01. Why Everything Is A List Of Numbers!?
Look around you for a moment. Almost everything you've interacted with can be placed into one of four broad kinds of data: numbers, images, audio, and text. At first glance, these look completely different. A photograph of a mountain does not resemble a paragraph of text. A piece of music does not look like a spreadsheet. And yet, inside a computer, all of them are treated in exactly the same way. But, why?

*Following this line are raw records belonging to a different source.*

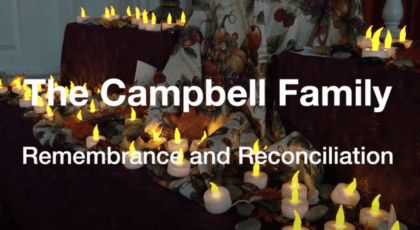 Video of The Campbell Family: Remembrance and Reconciliation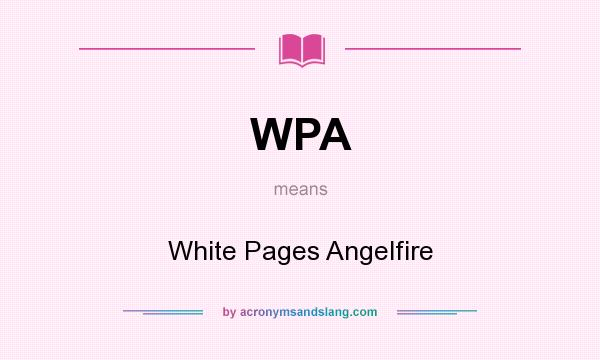 What does WPA mean? It stands for White Pages Angelfire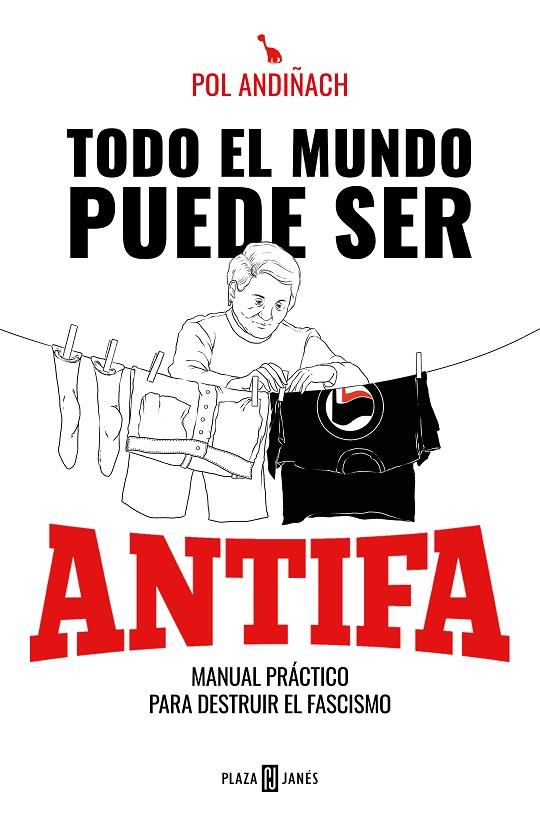 TODO EL MUNDO PUEDE SER ANTIFA | 9788401025846 | ANDIÑACH, POL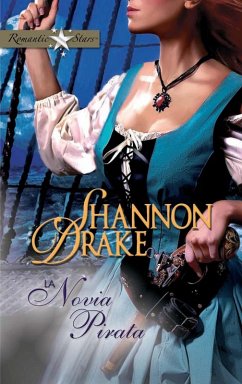 La novia pirata (eBook, ePUB) - Drake, Shannon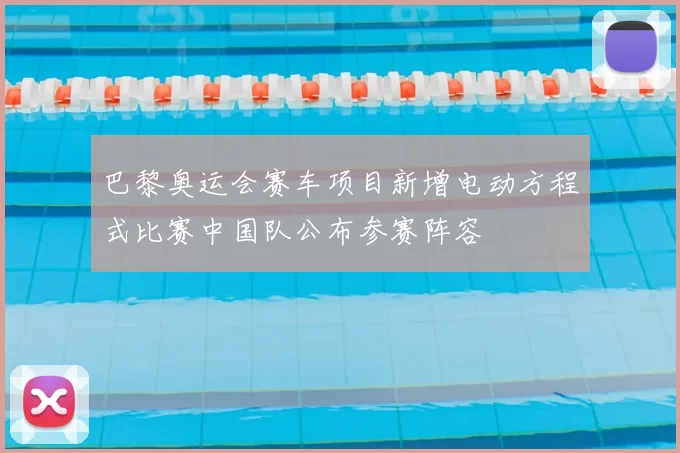 巴黎奥运会赛车项目新增电动方程式比赛中国队公布参赛阵容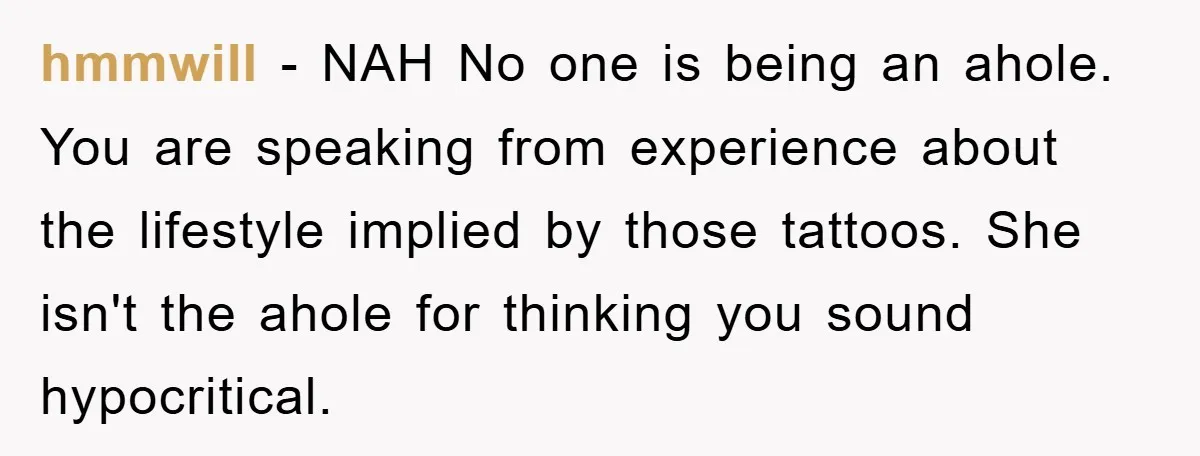 hmmwill − NAH No one is being an ahole. You are speaking from experience about the lifestyle implied by those tattoos. She isn't the ahole for thinking you sound hypocritical.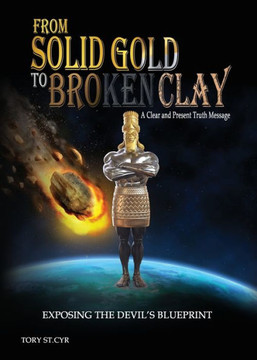 From Solid Gold To Broken Clay: Exposing The Devil'S Blueprint - 9781736607336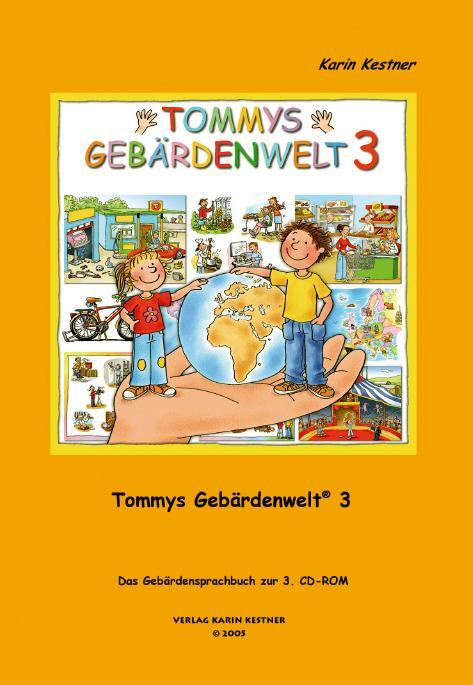 Cover: 9783000159305 | Tommys Gebärdenwelt 3 - Das Gebärdensprachbuch | 3. Teil | Kestner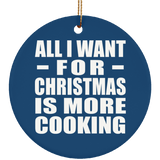 All I Want For Christmas Is More Cooking - Circle Ornament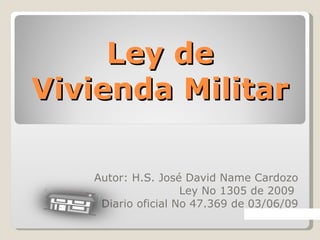Ley de Vivienda Militar Autor: H.S. José David Name Cardozo Ley No 1305 de 2009  Diario oficial No 47.369 de 03/06/09 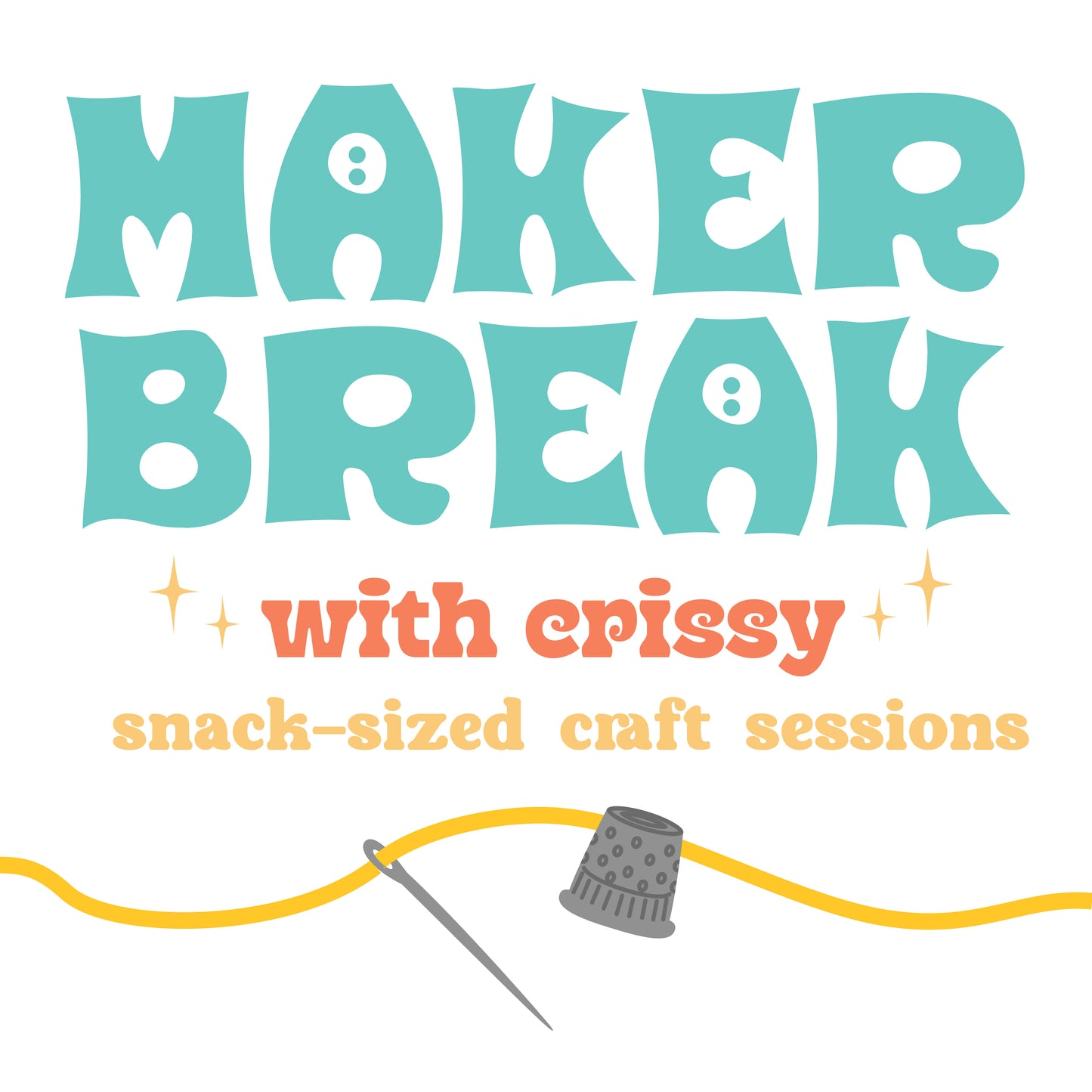 Maker Break Club - Feb 2 - Totes!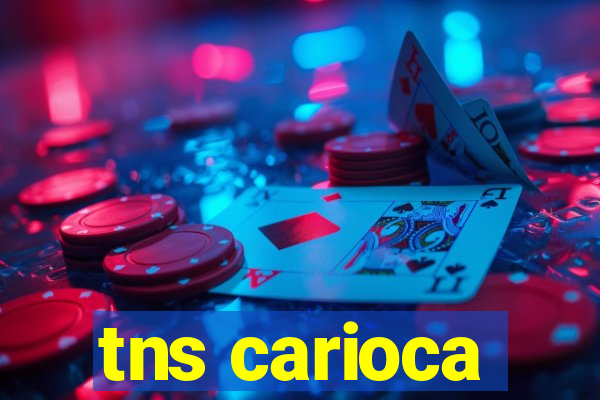 tns carioca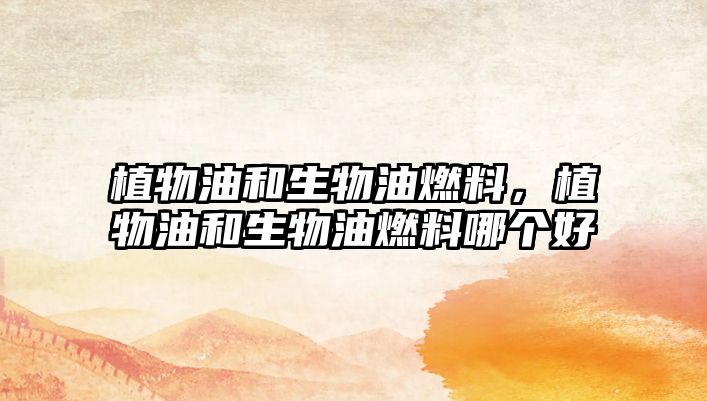 植物油和生物油燃料，植物油和生物油燃料哪個好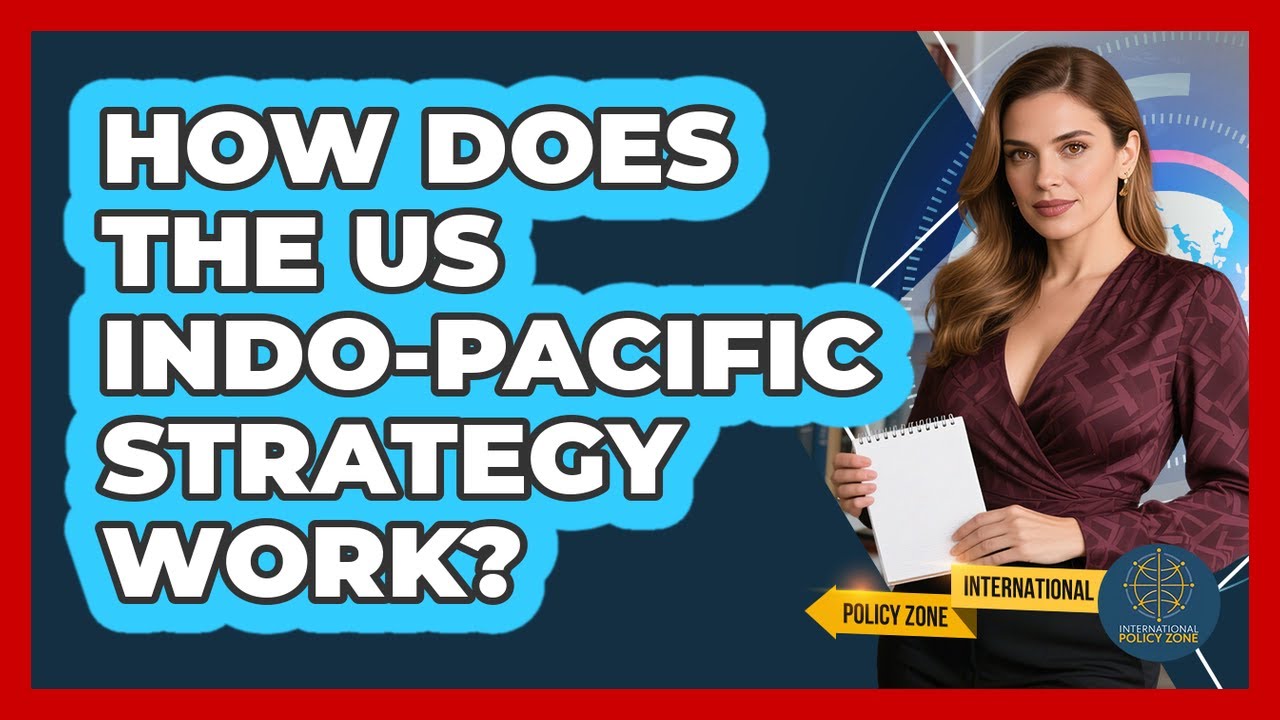 How Does The US Indo-Pacific Strategy Work? - International Policy Zone
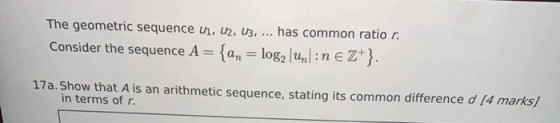 The geometric sequence u, U2, U3, ... has common ratio r. Consider the sequence A = {an = log2\uml:n e Z+}, 17a. Show that A
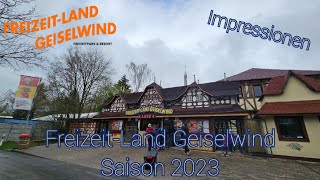 FreizeitLand Geiselwind Saison 2023  Impressionen aus dem Park inkl Onrides [upl. by Mungo492]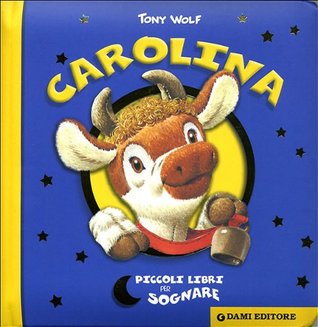 Piccoli Libri Per Sognare: Carolina (Italian Edition)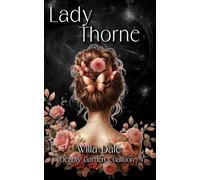 Lady Thorne - A Deadly Garden Coalition Novella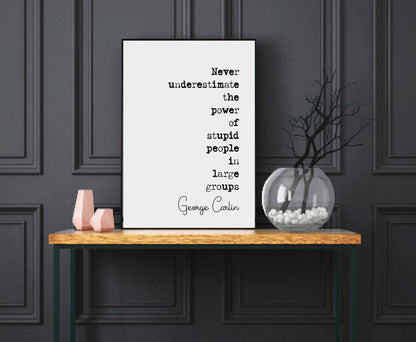 George Carlin Quote Print Never Underestimate The Power Of Stupid People In Large Groups Minimalist Home Decor Monochrome Wall Art Unframed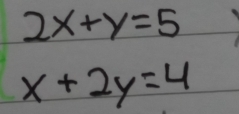 2x+y=5
x+2y=4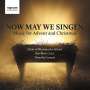 : Westminster School Choir - Now May We Singen, CD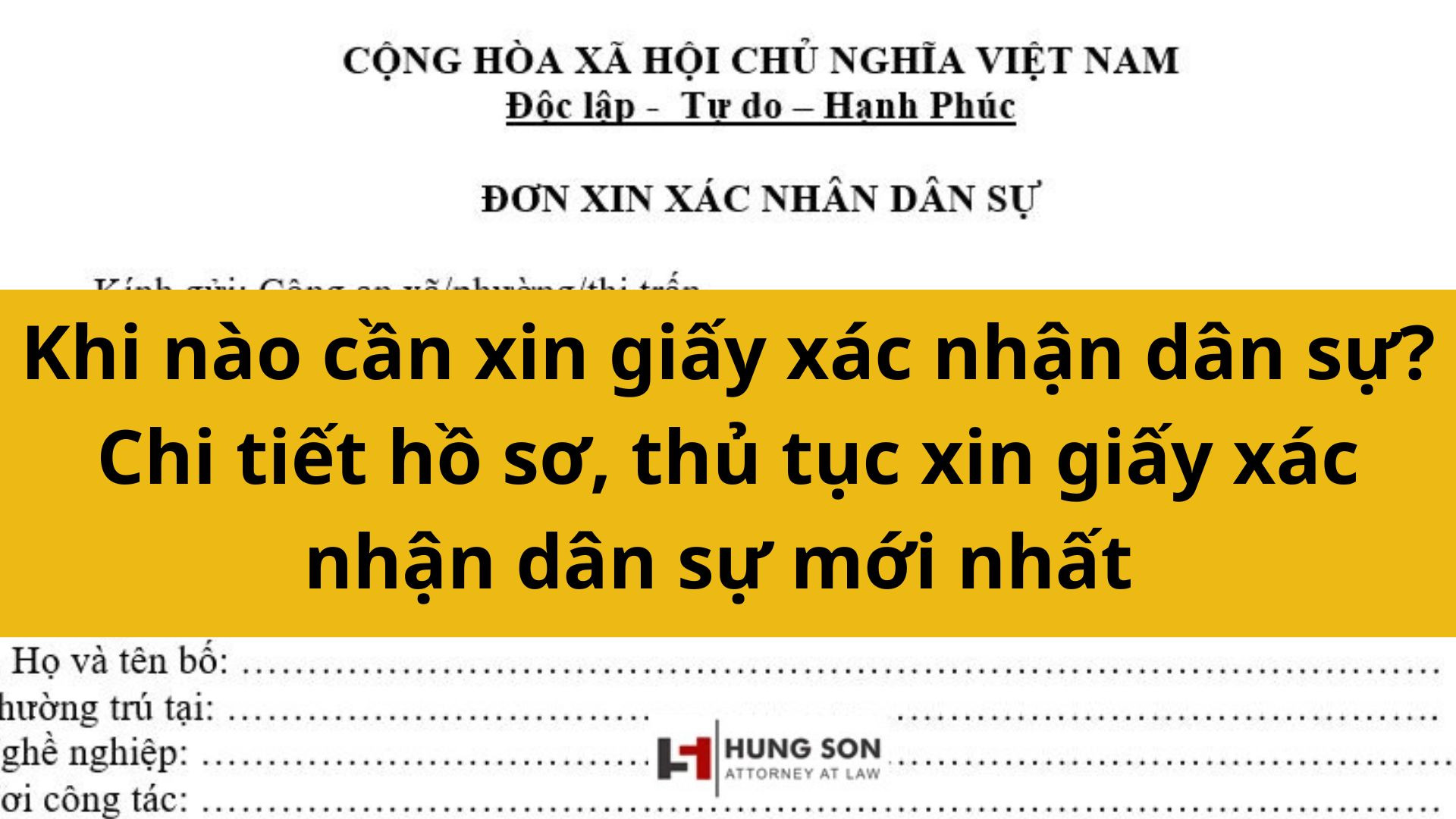 Khi nào cần xin giấy xác nhận dân sự? Chi tiết hồ sơ, thủ tục xin giấy xác nhận dân sự mới nhất 2025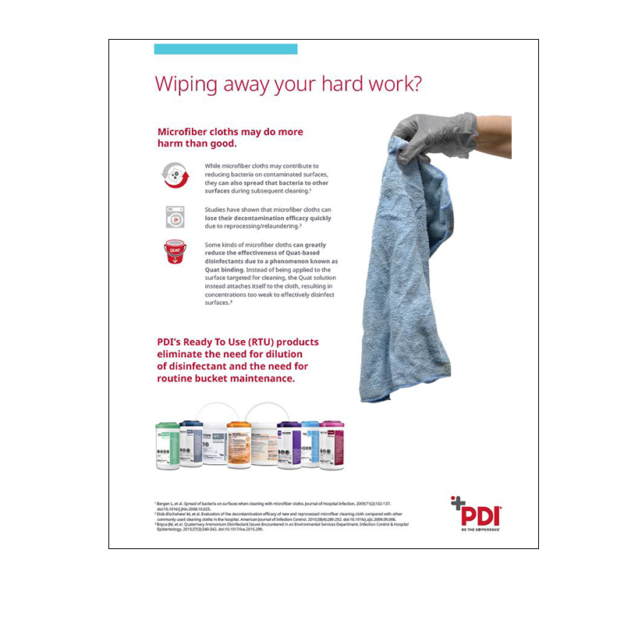 The PDI Difference Microfiber Cloths vs Ready To Use (RTU) Products PDI Healthcare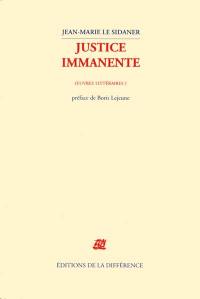 Oeuvre littéraire. Vol. 1. Justice immanente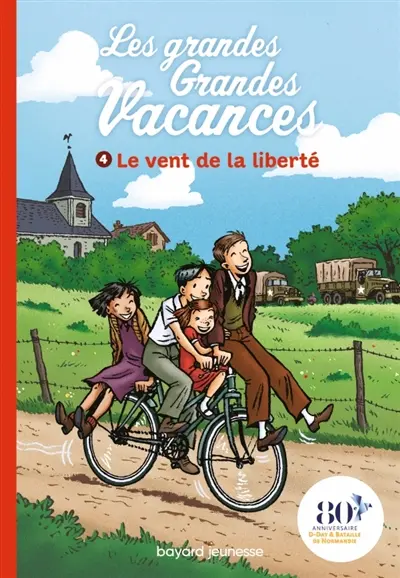 Les grandes grandes vacances. Vol. 4. Le vent de la liberté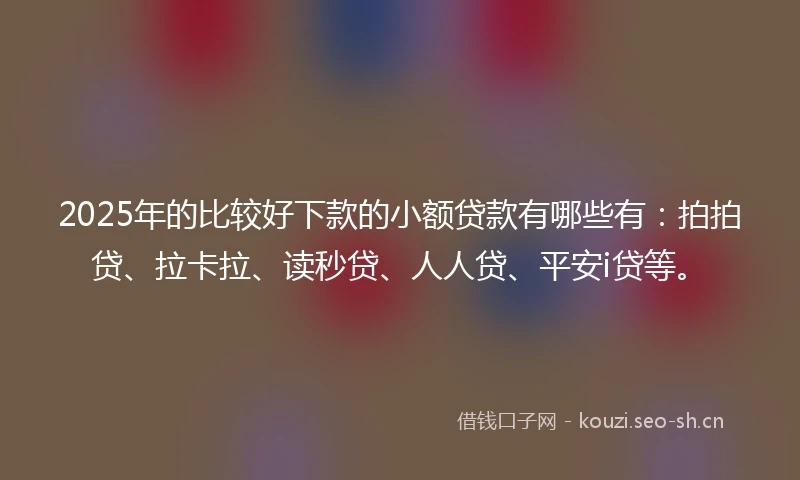 2025年的比较好下款的小额贷款有哪些有:拍拍贷、拉卡拉、读秒贷、人人贷、平安i贷等。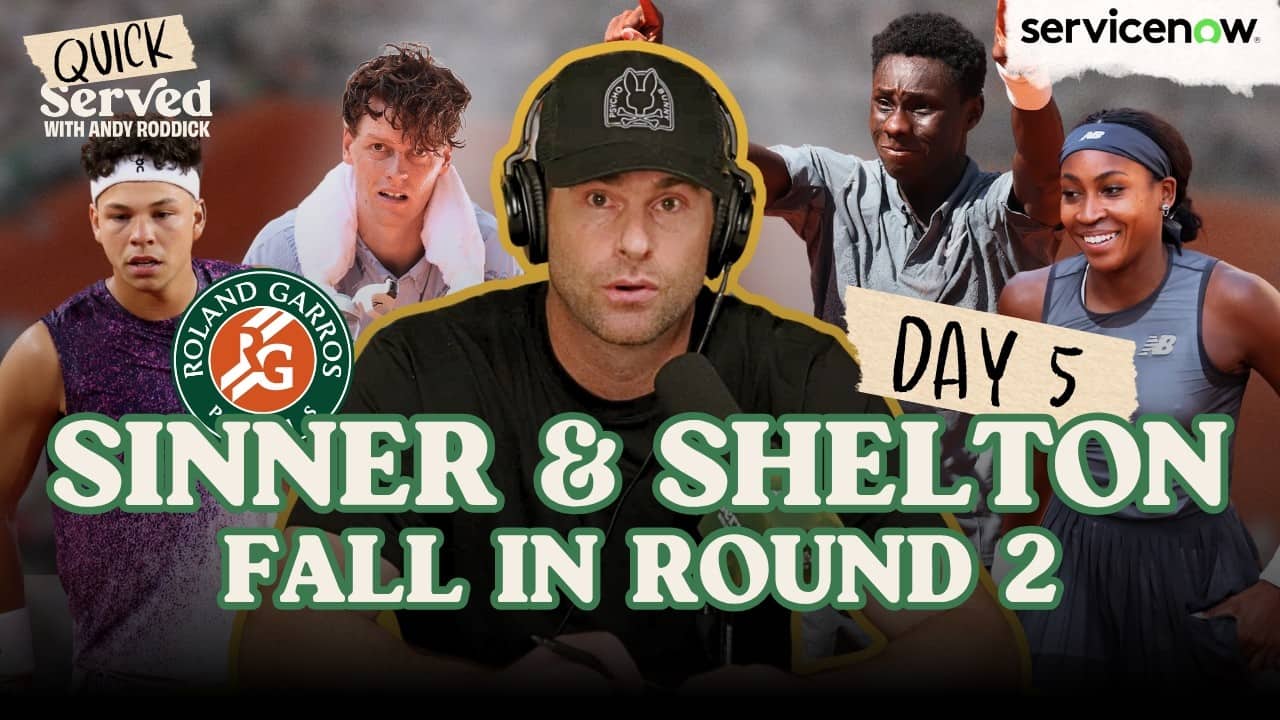 2026 ROLAND GARROS DAY 5: Sinner Out, Shelton Falls, & Rising Stars Advance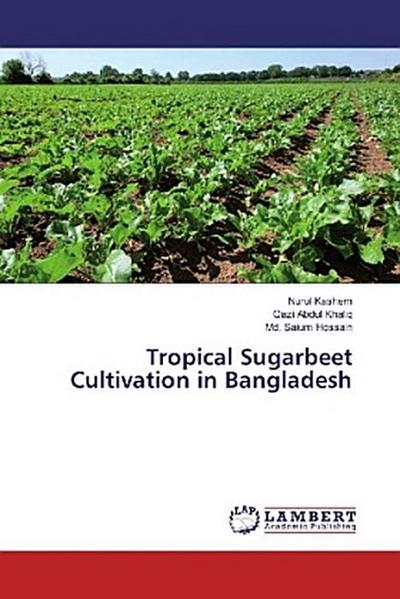 Tropical Sugarbeet Cultivation in Bangladesh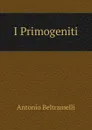 I Primogeniti - Antonio Beltramelli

A computer does not understand images, sounds, or words. It does not understand meaning. It does not even understand numbers in the way humans do. At its core, a computer is a very fast calculator. It takes numbers as input, performs operations on them, and produces numbers as output. So if a computer is to store, analyze, or reason about images, audio, or text, each of these must first be converted into numbers. Everything must become a collection of numbers. This idea is so important that we will return to it again and again.
1.1 - Four Kinds Of Data
To make decisions, compare things, or optimize outcomes, we first need to represent the world using numbers.
1.1.1 - Numbers
Numbers are the most natural kind of data. They require no translation. When you measure temperature, count people, record prices, or track time, you are already working in the language that computers understand best. Let us start with a simple decision-making problem.
Cities as Numbers
Suppose you want to decide which city in the world would be a good place to live for a comfortable and healthy life. You could argue endlessly about culture, food, or history, but let us begin with something concrete. Assume your first filter is weather and environment. You decide to look at three quantities: Average temperature, Average humidity, and Air quality index. Each city can now be described using three numbers. For example, City A is \((30^{\circ} \text{C}, 55\%, 110)\).
Without realizing it, you have done something powerful. You have mapped each city to a point in three-dimensional space. Every city in the world is now just a point with three coordinates. Once this representation is in place, decision-making becomes simpler. You can define acceptable ranges for each quantity: temperature between two values, humidity below a certain level, and air quality better than a chosen threshold. Any city whose point lies outside these ranges can be discarded immediately.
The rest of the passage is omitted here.